Szef sejmowej komisji śledczej ds. PZU Janusz Dobrosz (LPR) z osobą nowego ministra skarbu i jego decyzjami personalnymi wiąże nadzieje na przełom w sprawie PZU.
- Liczę, że minister Jasiński skieruje do sądu wniosek o stwierdzenie nieważności umowy prywatyzacyjnej - powiedział "Naszemu Dziennikowi" Dobrosz, który w tej sprawie złożył nawet w Sejmie projekt stosownej uchwały.
- Odzyskanie PZU byłoby korzystne dla Polski i dla ubezpieczonych - uważa poseł Marek Suski (PiS). Zastrzega, że minister podejmie decyzję po zapoznaniu się z tajną częścią dokumentacji.

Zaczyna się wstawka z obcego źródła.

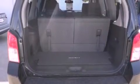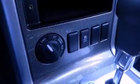Front fog lights, an anti-lock braking system, air conditioning with automatic climate control, and a parking camera that will display what's behind you as you back out of the driveway or into the perfect parallel parking spot.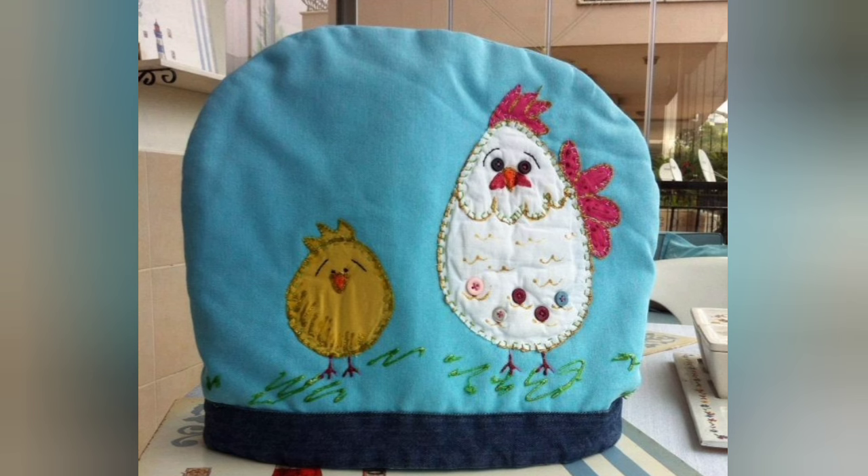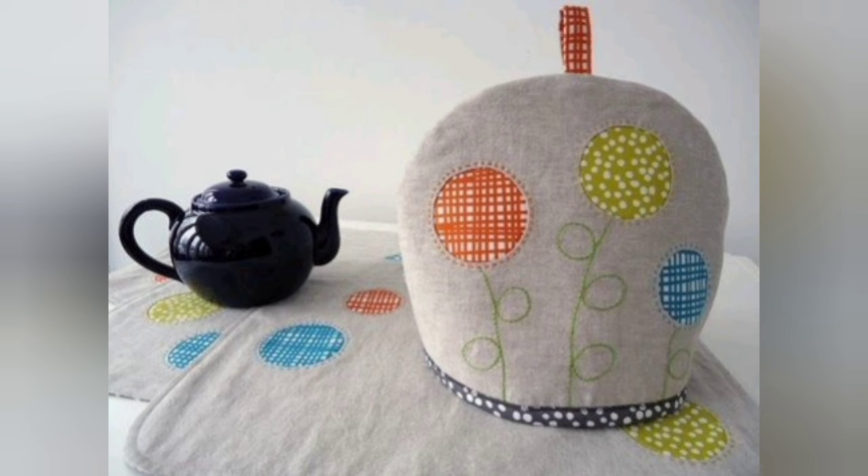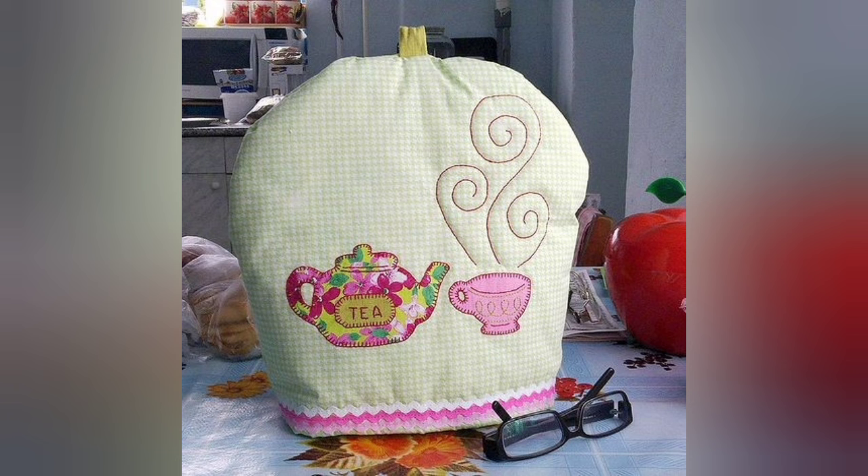Hi viewers, welcome back to my YouTube channel. Today in this video we are going to see different types of DIY handmade tea cozy designs and ideas. You can make this amazing and different DIY tea cozy with beautiful color combination ideas.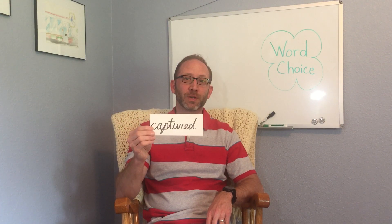Our next word is captured. Captured means caught or taken prisoner. We'll think about why the author chose this particular word. And finally, our word is growled. We'll see why the author chose to use this particular word. So we'll be looking for these three words — growled, captured, and fantastic — as we read the story today.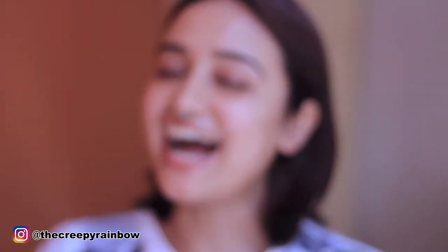Hey guys, welcome back to my channel. My name is Priyanka but I like to call myself the creepy rainbow. To those who are new to the space, thank you so much for stopping by. Today we are going to create a highly requested video — my everyday very natural, no makeup makeup look.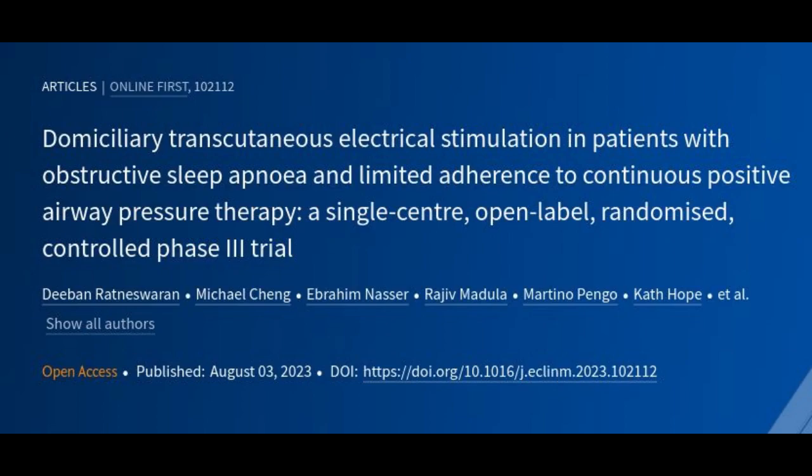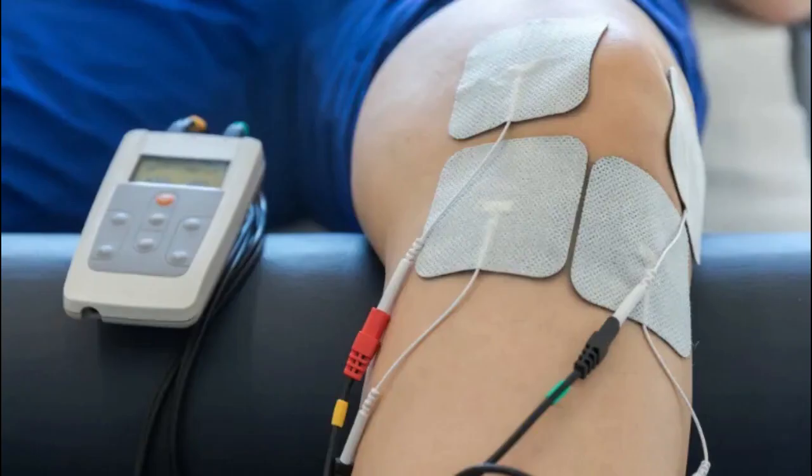Sleep apnea affects about one billion people worldwide, and millions in the UK. While the condition can be frequently associated with snoring, people who are affected stop breathing many times during the night. The condition leaves people excessively sleepy during the day, lacking attention, and sometimes experiencing headaches. People diagnosed with sleep apnea are advised not to drive when feeling excessively sleepy.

Cezary Stypułkowski, uchodzący za "człowieka do specjalnych poruczeń" prezydenta Kwaśniewskiego, objął stanowisko prezesa PZU po Zdzisławie Montkiewiczu. Wcześniej był prezesem Banku Handlowego, który od lat pozostawał w orbicie zainteresowań WSI. To właśnie via BH dokonywane były transakcje związane z aferą FOZZ. Jego mroczne tajemnice nie ujrzą już jednak światła dziennego, ponieważ dzięki staraniom duetu Kwaśniewski - Stypułkowski bank został wchłonięty przez amerykańską City Group. W latach 80. Stypułkowski pracował w Ministerstwie Finansów, gdy wiceministrem był Andrzej Dorosz, obecny prezes Banku Gospodarstwa Krajowego. Jego współpracownikiem w tych czasach był także Bogusław Kott. Po przełomie 1989 r. Kott, Stypułkowski i Dorosz stali się głównymi architektami BIG Banku Gdańskiego - prywatnego banku nomenklaturowego utworzonego za publiczne pieniądze, który stał się finansowym zapleczem tzw. nowej europejskiej lewicy skupionej wokół Kwaśniewskiego.
Wejście Cezarego Stypułkowskiego do PZU na miejsce Zdzisława Montkiewicza poprzedził głośny konflikt między prezydentem Kwaśniewskim a premierem Leszkiem Millerem, który chronił Montkiewicza. Spór dotyczył kwestii, kto będzie miał wpływ na największego polskiego ubezpieczyciela. Stronnictwo pałacowe popierało sprzedaż PZU na rzecz holenderskiej spółki Eureko, starając się zagwarantować sobie pewien margines wpływów przez udział w tej prywatyzacji BIG Banku Gdańskiego (dziś Bank Millennium), którego szefem jest przyjaciel Kwaśniewskiego Bogusław Kott. Rząd Millera - odwrotnie - działał na rzecz utrzymania PZU w rękach Skarbu Państwa, licząc na to, że w ten sposób zachowa w nim wpływy własnego obozu.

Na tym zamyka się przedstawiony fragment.